Justo a la entrada de la colonia una mujer de 43 años tiene un puesto de venta: sobre una mesa se acumulan paraguas, toallas femeninas, jabones, champús… Es una mujer orgullosa de haber vivido su vida entera en La Campanera, mucho antes de que alguna pandilla reclamara aquel territorio, antes incluso de que se construyeran todas las colonias aledañas. Ha criado sola a tres hijos y a los tres les dio un bachillerato, a los tres iba a traerlos y a dejarlos a la escuela cada día. Ahora estudian en la universidad y tienen además sus pequeños negocios en la comunidad. La clave, dice, para sobrevivir una vida entera en este lugar es no ver a los lados: “17 años tengo de vivir en esa casa –la señala con la boca–. Pregúnteme cómo se llaman mis vecinos, o si llegan o si salen. No sé, ni me importa”.

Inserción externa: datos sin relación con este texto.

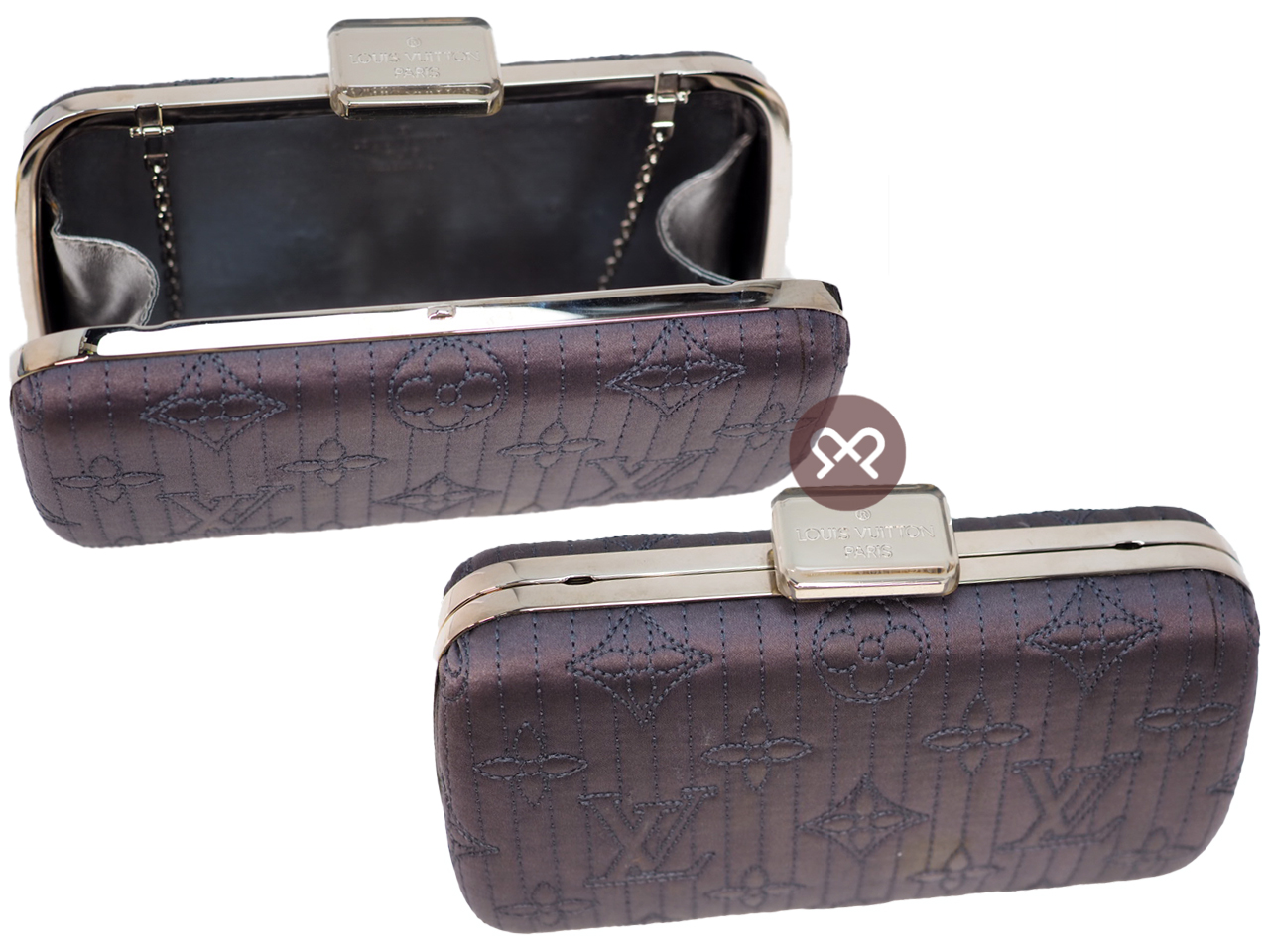 Limited Edition ! Louis Vuitton M95802 Grey Navy Minaudière Chain Monogram Chrome Motard Clutch/ Crossbody Bag - Image 7
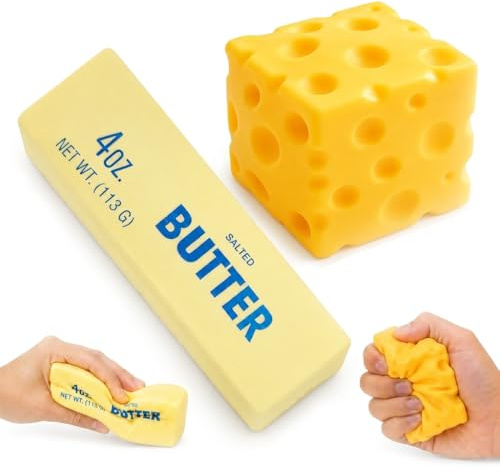 Cheese Butter Squishy Antistress 2 Pezzi, Squishy Formaggio e Burro, Squeeze Toy Giocattoli, Sensoriali Fidget Toy per Bambini e Adulti, Palla Antistress Regalo Divertente (A)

Uno de los soldados del retén no nos quita ojo de encima e identificó el acento español de uno de los colegas con los que hicimos aquel recorrido y se me acercó con sigilo: “Mire, yo peleé en Irak y déjeme decirle algo, sin faltarle el respeto, va: ¡los soldados españoles son culeros! Solo llegaban en blindados. Uno iba a pie, y cuando había que topar a esos árabes, los topábamos”, y busca una foto en su teléfono, donde aparece con su unidad enviada como apoyo a la invasión estadounidense de 2003. Él es menos entusiasta con las nuevas medidas y fue la única persona en nuestro reporteo que se lanzó a despotricar contra el Gobierno y contra sus jefes: “Nos dicen: sólo queremos MS y, para mí, ¡delincuente es delincuente!”, y no paró, ni siquiera hubo que hacerle preguntas: “todos los gobiernos les han dado cosas a las maras y este Gobierno también, por eso es que cuando no se les da lo que quieren es que pasan estas cosas. Ya va a ver que en unos días todo va a seguir igual. Si nos vamos de aquí a la gente que nos vende comida capaz la matan”. Y se le quedó la cara ruda, como si estuviera a punto de topar a un árabe en Irak.

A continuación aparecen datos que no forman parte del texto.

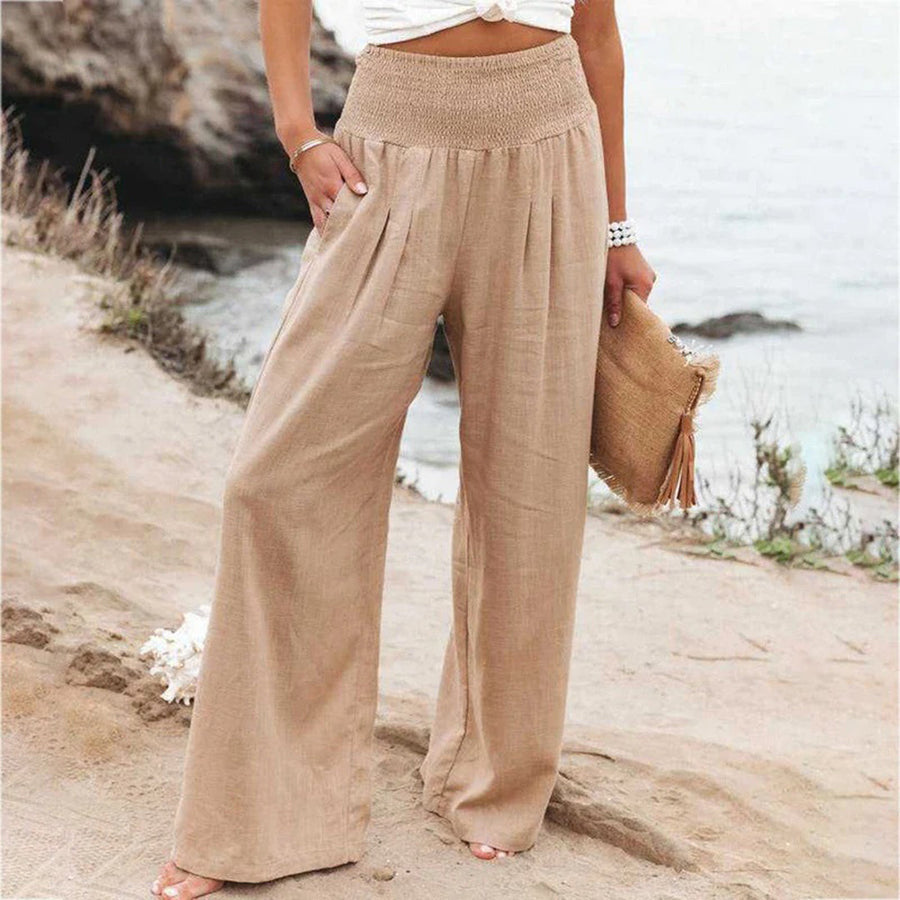High-Waist Wide Leg Trousers with Airy Comfort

El tiempo le daría gusto, o se encargaría de desmentir sus ideas, según se mire: al día siguiente de nuestra charla, la cuenta de la Policía publicó una fotografía de seis hombres jóvenes, cuatro de ellos con tatuajes alusivos al Barrio 18, y lo acompañó de un mensaje: “Capturamos a 6 terroristas en flagrancia, entre ellos un palabrero, mientras se encontraban al interior de una casa destroyer, en La Campanera, Soyapango, donde se planificaban crímenes”.
* * *
Un amabilísimo subteniente del Ejército, de 24 años, recién graduado de la Escuela Militar y con frenillos en los dientes, nos informa que sus superiores le respondieron que no nos autorizan a hacer fotografías al interior de la comunidad Iberia, ni a acompañarlos en sus patrullajes.

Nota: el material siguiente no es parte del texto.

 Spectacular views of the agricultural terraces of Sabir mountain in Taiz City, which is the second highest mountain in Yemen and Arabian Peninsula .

“Es que se nos informó que un medio no afín a la Fuerza Armada, creo que era El Diario de Hoy, publicó unas fotos de unos soldados registrando niños y las presentó como algo malo, entonces, por el estado de excepción no permiten tomar fotos”. El Régimen de Excepción aprobado por la Asamblea Legislativa no dice absolutamente nada al respecto, pero no andan las cosas como para estar forcejeando con los soldados. Unos días antes, un fotoperiodista de El Diario de Hoy fue obligado a arrodillarse, mientras unos soldados le borraban las fotos de su cámara.
Sin embargo, el joven oficial se ofreció a protegernos mientras nos comíamos unas pupusas y nos pareció un plan interesante, por poco usual: un aperitivo de media tarde, en medio de La Iberia, charlando con un militar. Así que se montó un pequeño operativo, con dos soldados apostados a ambos lados de la calle, mientras comíamos pupusas y platicábamos con el subteniente. Los carros pasaban, bajaban la velocidad y las ventanas, saludaban a los soldados con su mejor cara y seguían su camino.
“El palabrero de aquí ya lo agarramos y los demás se han ido de la colonia”, nos informó. ¿No tienen huevos de enfrentarse con ustedes? Preguntamos, y aquel muchacho nos regaló su enorme sonrisa y buscó la mirada cómplice de sus subalternos: “No, no tienen”, nos dijo y nos escoltó a nuestro vehículo.